If revolt is a crime, and a crime which cannot fail to receive punishment, it is because the power whose authority it attacks is a divine delegation in the midst of human society, and is charged with a moral mission of the highest importance; hence the for.

The good work is not submission, and the evil work is not revolt. Paul means by the one the practice of justice, and by the other that of injustice, in general, in the whole social life. The state is called to encourage the doing of good, and to repress the doing of evil in the domain which is confided to it. This domain is not that of the inward feelings, it is that of external deeds, of work or works, as the apostle says. It matters little which of the two readings (the dative singular or the genitive plural) is preferred; the first is better supported.

After this general declaration, the apostle takes up again each of the two alternatives. And first that of well-doing, Romans 13:3 b and 4a. The verses have been badly divided here. The first proposition of Romans 13:4 belongs still to the idea of Romans 13:3, that of well-doing.

No doubt it may happen, contrary to what the apostle says, that the virtuous man falls under the vengeance of the laws, or becomes a butt for the unjust dealings of the magistracy. But it remains true that in this case good is not punished as good. An unjust law or a tyrannical power make it appear falsely as evil; and the result of this suffering unjustly endured will certainly be the reform of the law and the fall of the power.
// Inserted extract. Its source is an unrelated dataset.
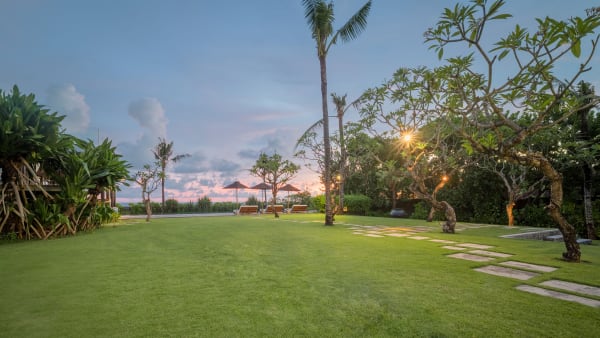 Arnalaya Beach House - Peaceful lawn and pool area at nightfall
Never has any power whatever laid down as a principle the punishment of good and the reward of evil, for thereby it would be its own destroyer.

The praise of which the apostle speaks consists, no doubt, in the consideration which the man of probity generally enjoys in the eyes of the magistracy, as well as in the honorable functions which he is called by it to fill.
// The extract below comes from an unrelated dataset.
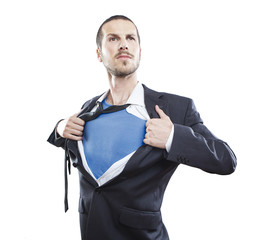 Young businessman acting like a super hero and tearing his shirt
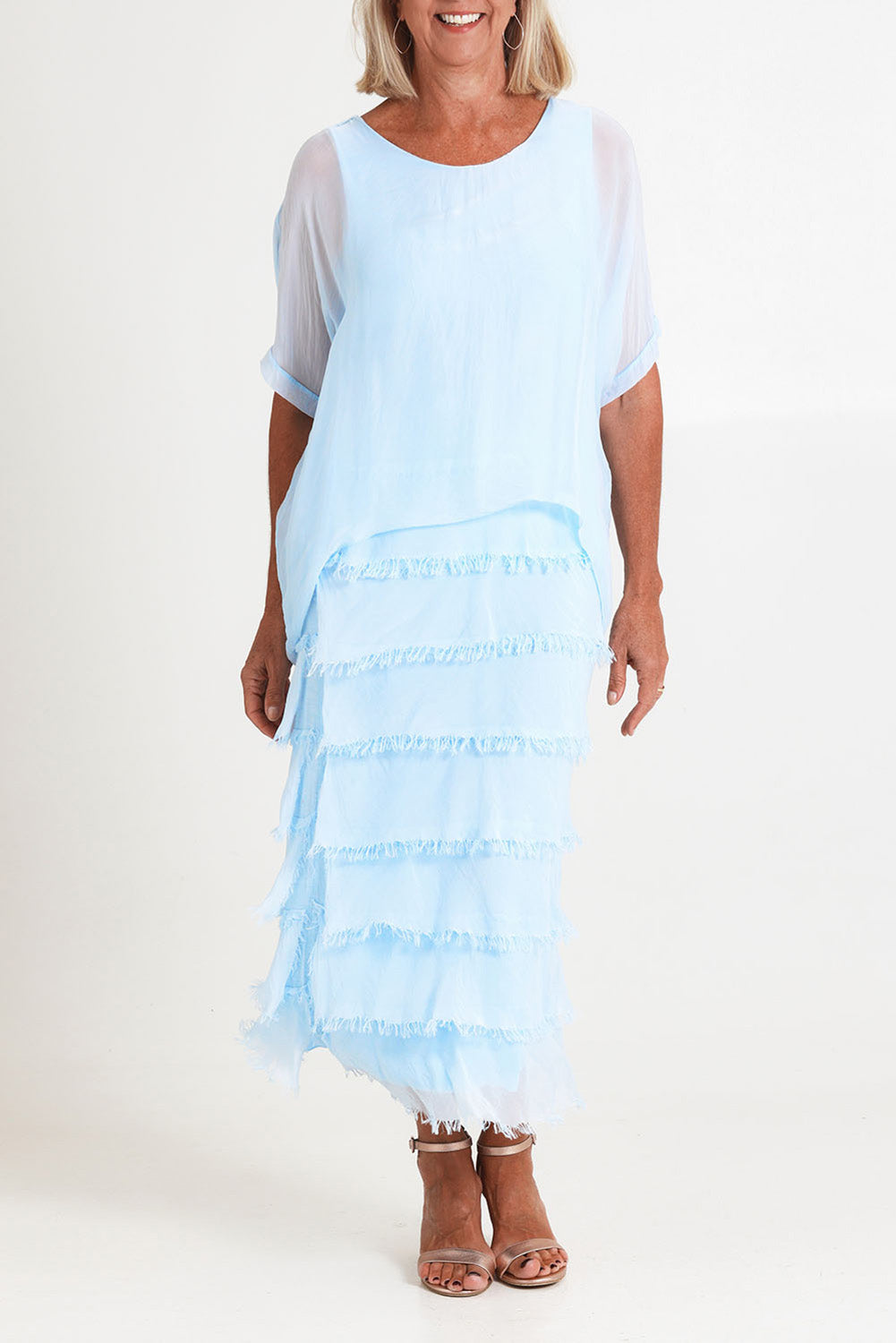 Model Sandy wearing the Silk Blend Multi Layers Dress in colour Celeste (Blue), from the front, cropped image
Ver. 4a If it is so, it is because magistracy is a divine ministry, instituted for the good of every citizen (σοί, to thee), and because, though it may err in the application, it cannot in principle deny its charge to assert justice.

Ver. 4b The other alternative: evil-doing. The power of the state is not to be feared except by him who acts unjustly.

The verb φορεῖν, a frequentative from φέρειν, to carry, denotes official and habitual bearing.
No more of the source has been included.